As these places of power emit just that, power, you aren’t going to be the only thing in the room.

Which is why many traditions have rituals for when you enter or leave such places so you are more likely to get safe passage and not leave with added extras.

Basically not anger the spirits in residence.

Why visit a Place of Power?

Here, because the world of spirit and ours is much closer, communion with your spirits and guides will be much stronger.

You are more likely to see and hear messages that are sent your way, but that is if you appease the spirits first rather than rocking in with expectations.

Places of Power are also great for leaving appropriate offerings to deities and completing potent workings. Obviously I’d make sure you aren’t just randomly doing a love spell in a graveyard unless you have a particular death deity in mind.

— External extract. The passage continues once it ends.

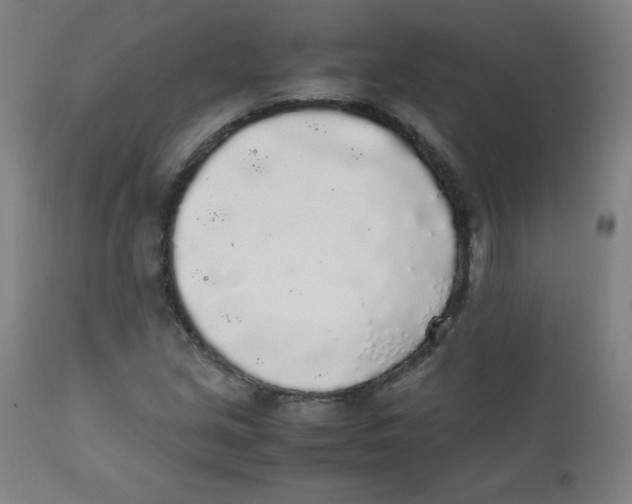 X0000111881213200908201249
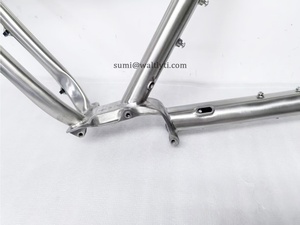 Cuadro de bicicleta <span class=keywords><strong>MTB</strong></span> de titanio de 29 pulgadas para caja de cambios Pinion P1.18 - Product Image 5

Some will leave offerings in the place of power and take a piece of the place with them. Many take graveyard dirt, sand or something natural that will hold the vibration of that place. This is then added to a working at a later date for an added bit of zest.

What to do?

If you stumble into a place of power and you don’t work within any particular magickal/spiritual system, then simply be  respectful. You are in someone’s home and are surrounded.

Do not walk across graves, do not spit, watch your language and be aware of what you are saying. If you begin to feel uncomfortable and make a random joke about ‘maybe a spirit will follow me home’, that is beautiful opening for exactly that to happen. 

Please do not think the spirits here are trapped – far from it. It’s like a dive Bar or a Spa for us, they want to be there as it feels amazing. Any thing you do to disrespect or threaten their home, their source of energy, will not be taken lightly.

Above all, do not take anything if you haven’t given something of equal value in return.